Persistent Homology Alignment (PHA): Replacing Multiple Sequence Alignments using ESM-2 and Persistent Homology

Community Article Published November 15, 2023

In the paper Leveraging protein language models for accurate multiple sequence alignments and Vector-clustering Multiple Sequence Alignment: Aligning into the twilight zone of protein sequence similarity with protein language models, the authors discuss the potential of replacing traditional Multiple Sequence Alignments (MSAs) using embeddings from a protein language model (pLM). Here we will discuss an adaptation of this method using the pLM ESM-2 and an alternative method to determine sequence similarity using persistent homology which we call "Persistent Homology Alignment" (PHA).

image/png

Introduction

The following method works well for "twilight zone" proteins. The term "twilight zone" in the context of protein sequences refers to a range of sequence similarity where it becomes particularly challenging to determine whether two protein sequences are evolutionarily related. This concept is critical in bioinformatics, especially in the fields of protein sequence alignment and homology detection.

Protein sequences are often compared to infer their evolutionary relationships. This comparison is typically done using sequence alignment techniques, which identify regions of similarity that may be a consequence of functional, structural, or evolutionary relationships between the sequences. The degree of similarity is often quantified in terms of sequence identity, which is the percentage of amino acids in aligned sequences that are identical.

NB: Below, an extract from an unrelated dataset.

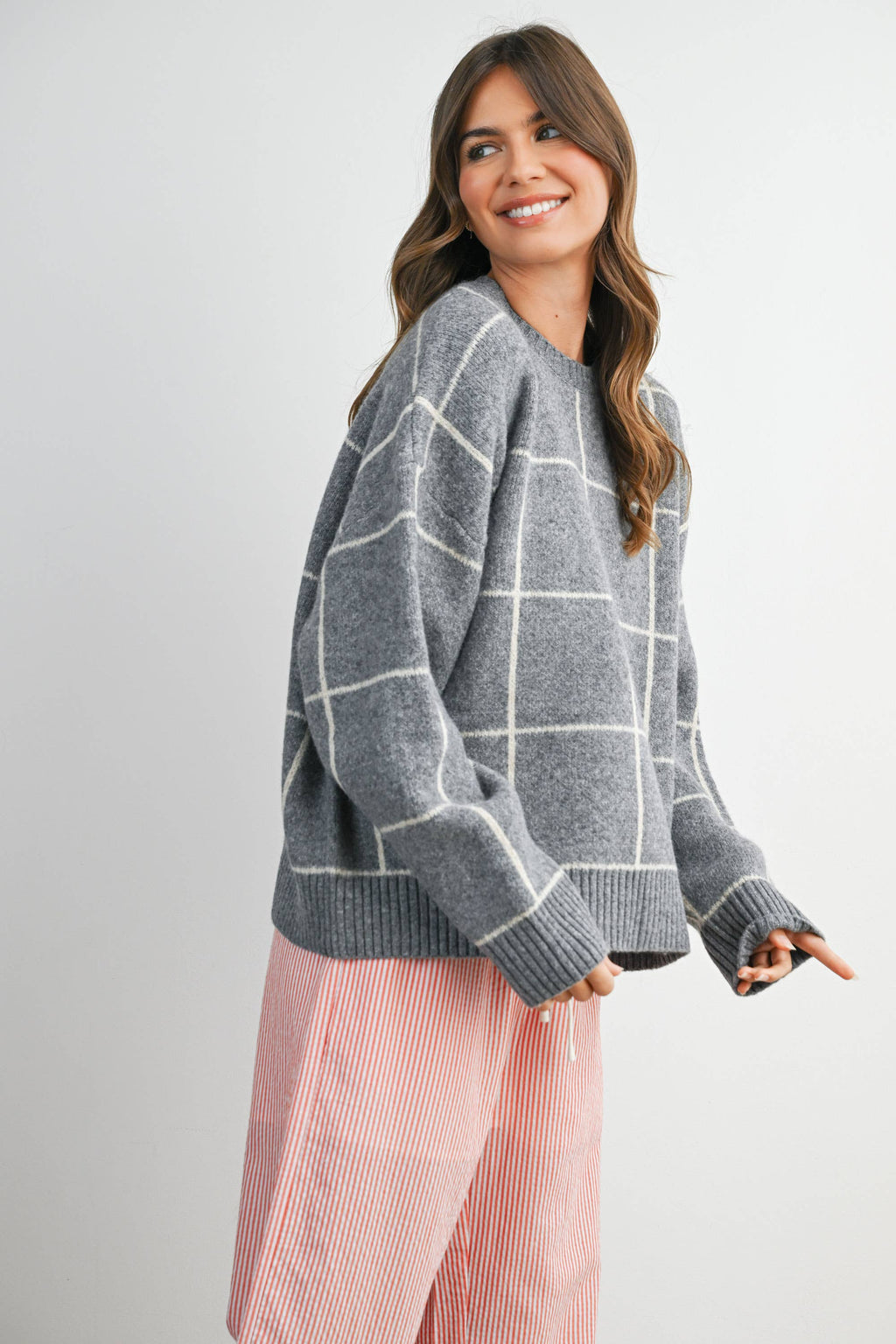 Checkered Crew Neck Knit Sweater - BMW8077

The twilight zone typically refers to sequence identities in the range of about 20% to 35%. In this range:

  1. Low Sequence Identity: The sequences are so divergent that their similarity could either be due to a distant evolutionary relationship or simply occur by chance. This makes it difficult to confidently infer homology (evolutionary relatedness) based solely on sequence identity.

  2. Structural Conservation: Despite low sequence similarity, proteins in the twilight zone often retain similar three-dimensional structures and functions. This structural conservation despite sequence divergence is a remarkable aspect of protein evolution.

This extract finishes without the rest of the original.